----- Given data
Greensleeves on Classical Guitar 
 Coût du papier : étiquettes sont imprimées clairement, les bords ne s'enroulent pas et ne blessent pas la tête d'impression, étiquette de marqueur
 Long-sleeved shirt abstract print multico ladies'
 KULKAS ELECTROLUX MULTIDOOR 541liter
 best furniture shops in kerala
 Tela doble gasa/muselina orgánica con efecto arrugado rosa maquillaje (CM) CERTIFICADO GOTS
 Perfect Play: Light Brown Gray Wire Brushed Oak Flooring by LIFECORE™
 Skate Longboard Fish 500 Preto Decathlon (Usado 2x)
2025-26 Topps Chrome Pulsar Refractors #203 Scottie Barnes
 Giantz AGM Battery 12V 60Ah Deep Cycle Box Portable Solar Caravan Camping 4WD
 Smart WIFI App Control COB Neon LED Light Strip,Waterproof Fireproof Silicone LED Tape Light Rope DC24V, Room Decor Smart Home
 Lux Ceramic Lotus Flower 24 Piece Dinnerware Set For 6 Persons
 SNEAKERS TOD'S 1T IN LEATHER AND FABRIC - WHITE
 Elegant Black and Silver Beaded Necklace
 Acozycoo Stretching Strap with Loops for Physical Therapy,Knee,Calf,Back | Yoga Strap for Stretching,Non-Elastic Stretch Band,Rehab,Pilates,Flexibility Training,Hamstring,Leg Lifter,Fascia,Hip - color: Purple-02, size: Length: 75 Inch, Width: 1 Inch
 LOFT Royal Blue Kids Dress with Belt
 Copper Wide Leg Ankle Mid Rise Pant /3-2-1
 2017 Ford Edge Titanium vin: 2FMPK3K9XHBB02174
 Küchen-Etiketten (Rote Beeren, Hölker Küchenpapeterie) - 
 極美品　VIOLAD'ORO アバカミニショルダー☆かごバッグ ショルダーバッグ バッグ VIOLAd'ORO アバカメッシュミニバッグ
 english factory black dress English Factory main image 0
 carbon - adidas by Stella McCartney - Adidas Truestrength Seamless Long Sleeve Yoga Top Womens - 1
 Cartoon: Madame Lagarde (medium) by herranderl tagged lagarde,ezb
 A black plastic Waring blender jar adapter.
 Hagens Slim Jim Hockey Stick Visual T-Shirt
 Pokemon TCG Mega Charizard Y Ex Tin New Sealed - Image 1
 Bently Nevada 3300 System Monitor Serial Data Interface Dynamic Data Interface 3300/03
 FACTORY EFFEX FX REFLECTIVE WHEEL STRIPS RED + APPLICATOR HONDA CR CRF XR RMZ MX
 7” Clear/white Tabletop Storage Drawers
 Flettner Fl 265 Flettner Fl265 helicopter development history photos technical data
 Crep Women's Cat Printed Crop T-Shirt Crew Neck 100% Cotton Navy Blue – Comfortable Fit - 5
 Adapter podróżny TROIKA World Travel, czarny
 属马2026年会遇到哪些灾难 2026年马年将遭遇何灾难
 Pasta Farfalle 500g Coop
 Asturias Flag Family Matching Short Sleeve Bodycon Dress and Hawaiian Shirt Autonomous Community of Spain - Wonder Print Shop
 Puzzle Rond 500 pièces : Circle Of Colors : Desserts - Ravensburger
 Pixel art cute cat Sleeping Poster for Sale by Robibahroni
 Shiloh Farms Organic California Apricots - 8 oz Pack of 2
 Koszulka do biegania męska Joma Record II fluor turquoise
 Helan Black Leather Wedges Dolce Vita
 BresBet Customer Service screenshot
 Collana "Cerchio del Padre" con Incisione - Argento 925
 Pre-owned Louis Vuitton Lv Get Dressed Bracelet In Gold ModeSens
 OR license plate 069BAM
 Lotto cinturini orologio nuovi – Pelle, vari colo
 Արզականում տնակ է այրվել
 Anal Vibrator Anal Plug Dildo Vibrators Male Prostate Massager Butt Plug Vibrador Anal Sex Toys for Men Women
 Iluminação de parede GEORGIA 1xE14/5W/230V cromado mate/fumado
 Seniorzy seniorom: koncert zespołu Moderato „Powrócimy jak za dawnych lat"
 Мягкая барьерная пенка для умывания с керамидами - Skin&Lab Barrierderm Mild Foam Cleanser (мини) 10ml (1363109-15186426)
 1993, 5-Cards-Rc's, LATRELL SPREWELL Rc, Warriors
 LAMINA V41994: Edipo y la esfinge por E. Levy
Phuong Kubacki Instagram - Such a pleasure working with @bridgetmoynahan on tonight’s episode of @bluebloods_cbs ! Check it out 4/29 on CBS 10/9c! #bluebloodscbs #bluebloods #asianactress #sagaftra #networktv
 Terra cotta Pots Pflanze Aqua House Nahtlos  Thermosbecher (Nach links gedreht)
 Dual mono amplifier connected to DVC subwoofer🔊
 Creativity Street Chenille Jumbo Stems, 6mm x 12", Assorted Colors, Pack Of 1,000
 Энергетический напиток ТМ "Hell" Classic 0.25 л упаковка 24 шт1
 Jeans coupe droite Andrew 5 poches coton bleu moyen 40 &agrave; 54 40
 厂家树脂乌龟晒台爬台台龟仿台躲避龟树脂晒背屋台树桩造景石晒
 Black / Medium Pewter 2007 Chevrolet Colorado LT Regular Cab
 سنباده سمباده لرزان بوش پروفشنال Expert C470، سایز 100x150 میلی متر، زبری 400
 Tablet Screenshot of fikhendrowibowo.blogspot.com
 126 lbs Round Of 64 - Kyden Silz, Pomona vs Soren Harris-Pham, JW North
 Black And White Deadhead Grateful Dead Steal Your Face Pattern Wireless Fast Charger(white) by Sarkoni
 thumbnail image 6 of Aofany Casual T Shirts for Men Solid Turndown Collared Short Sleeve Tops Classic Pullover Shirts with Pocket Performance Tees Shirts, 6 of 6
----------
Set down the entries above once more, verbatim.

Greensleeves on Classical Guitar 
 Coût du papier : étiquettes sont imprimées clairement, les bords ne s'enroulent pas et ne blessent pas la tête d'impression, étiquette de marqueur
 Long-sleeved shirt abstract print multico ladies'
 KULKAS ELECTROLUX MULTIDOOR 541liter
 best furniture shops in kerala
 Tela doble gasa/muselina orgánica con efecto arrugado rosa maquillaje (CM) CERTIFICADO GOTS
 Perfect Play: Light Brown Gray Wire Brushed Oak Flooring by LIFECORE™
 Skate Longboard Fish 500 Preto Decathlon (Usado 2x)
2025-26 Topps Chrome Pulsar Refractors #203 Scottie Barnes
 Giantz AGM Battery 12V 60Ah Deep Cycle Box Portable Solar Caravan Camping 4WD
 Smart WIFI App Control COB Neon LED Light Strip,Waterproof Fireproof Silicone LED Tape Light Rope DC24V, Room Decor Smart Home
 Lux Ceramic Lotus Flower 24 Piece Dinnerware Set For 6 Persons
 SNEAKERS TOD'S 1T IN LEATHER AND FABRIC - WHITE
 Elegant Black and Silver Beaded Necklace
 Acozycoo Stretching Strap with Loops for Physical Therapy,Knee,Calf,Back | Yoga Strap for Stretching,Non-Elastic Stretch Band,Rehab,Pilates,Flexibility Training,Hamstring,Leg Lifter,Fascia,Hip - color: Purple-02, size: Length: 75 Inch, Width: 1 Inch
 LOFT Royal Blue Kids Dress with Belt
 Copper Wide Leg Ankle Mid Rise Pant /3-2-1
 2017 Ford Edge Titanium vin: 2FMPK3K9XHBB02174
 Küchen-Etiketten (Rote Beeren, Hölker Küchenpapeterie) - 
 極美品　VIOLAD'ORO アバカミニショルダー☆かごバッグ ショルダーバッグ バッグ VIOLAd'ORO アバカメッシュミニバッグ
 english factory black dress English Factory main image 0
 carbon - adidas by Stella McCartney - Adidas Truestrength Seamless Long Sleeve Yoga Top Womens - 1
 Cartoon: Madame Lagarde (medium) by herranderl tagged lagarde,ezb
 A black plastic Waring blender jar adapter.
 Hagens Slim Jim Hockey Stick Visual T-Shirt
 Pokemon TCG Mega Charizard Y Ex Tin New Sealed - Image 1
 Bently Nevada 3300 System Monitor Serial Data Interface Dynamic Data Interface 3300/03
 FACTORY EFFEX FX REFLECTIVE WHEEL STRIPS RED + APPLICATOR HONDA CR CRF XR RMZ MX
 7” Clear/white Tabletop Storage Drawers
 Flettner Fl 265 Flettner Fl265 helicopter development history photos technical data
 Crep Women's Cat Printed Crop T-Shirt Crew Neck 100% Cotton Navy Blue – Comfortable Fit - 5
 Adapter podróżny TROIKA World Travel, czarny
 属马2026年会遇到哪些灾难 2026年马年将遭遇何灾难
 Pasta Farfalle 500g Coop
 Asturias Flag Family Matching Short Sleeve Bodycon Dress and Hawaiian Shirt Autonomous Community of Spain - Wonder Print Shop
 Puzzle Rond 500 pièces : Circle Of Colors : Desserts - Ravensburger
 Pixel art cute cat Sleeping Poster for Sale by Robibahroni
 Shiloh Farms Organic California Apricots - 8 oz Pack of 2
 Koszulka do biegania męska Joma Record II fluor turquoise
 Helan Black Leather Wedges Dolce Vita
 BresBet Customer Service screenshot
 Collana "Cerchio del Padre" con Incisione - Argento 925
 Pre-owned Louis Vuitton Lv Get Dressed Bracelet In Gold ModeSens
 OR license plate 069BAM
 Lotto cinturini orologio nuovi – Pelle, vari colo
 Արզականում տնակ է այրվել
 Anal Vibrator Anal Plug Dildo Vibrators Male Prostate Massager Butt Plug Vibrador Anal Sex Toys for Men Women
 Iluminação de parede GEORGIA 1xE14/5W/230V cromado mate/fumado
 Seniorzy seniorom: koncert zespołu Moderato „Powrócimy jak za dawnych lat"
 Мягкая барьерная пенка для умывания с керамидами - Skin&Lab Barrierderm Mild Foam Cleanser (мини) 10ml (1363109-15186426)
 1993, 5-Cards-Rc's, LATRELL SPREWELL Rc, Warriors
 LAMINA V41994: Edipo y la esfinge por E. Levy
Phuong Kubacki Instagram - Such a pleasure working with @bridgetmoynahan on tonight’s episode of @bluebloods_cbs ! Check it out 4/29 on CBS 10/9c! #bluebloodscbs #bluebloods #asianactress #sagaftra #networktv
 Terra cotta Pots Pflanze Aqua House Nahtlos  Thermosbecher (Nach links gedreht)
 Dual mono amplifier connected to DVC subwoofer🔊
 Creativity Street Chenille Jumbo Stems, 6mm x 12", Assorted Colors, Pack Of 1,000
 Энергетический напиток ТМ "Hell" Classic 0.25 л упаковка 24 шт1
 Jeans coupe droite Andrew 5 poches coton bleu moyen 40 &agrave; 54 40
 厂家树脂乌龟晒台爬台台龟仿台躲避龟树脂晒背屋台树桩造景石晒
 Black / Medium Pewter 2007 Chevrolet Colorado LT Regular Cab
 سنباده سمباده لرزان بوش پروفشنال Expert C470، سایز 100x150 میلی متر، زبری 400
 Tablet Screenshot of fikhendrowibowo.blogspot.com
 126 lbs Round Of 64 - Kyden Silz, Pomona vs Soren Harris-Pham, JW North
 Black And White Deadhead Grateful Dead Steal Your Face Pattern Wireless Fast Charger(white) by Sarkoni
 thumbnail image 6 of Aofany Casual T Shirts for Men Solid Turndown Collared Short Sleeve Tops Classic Pullover Shirts with Pocket Performance Tees Shirts, 6 of 6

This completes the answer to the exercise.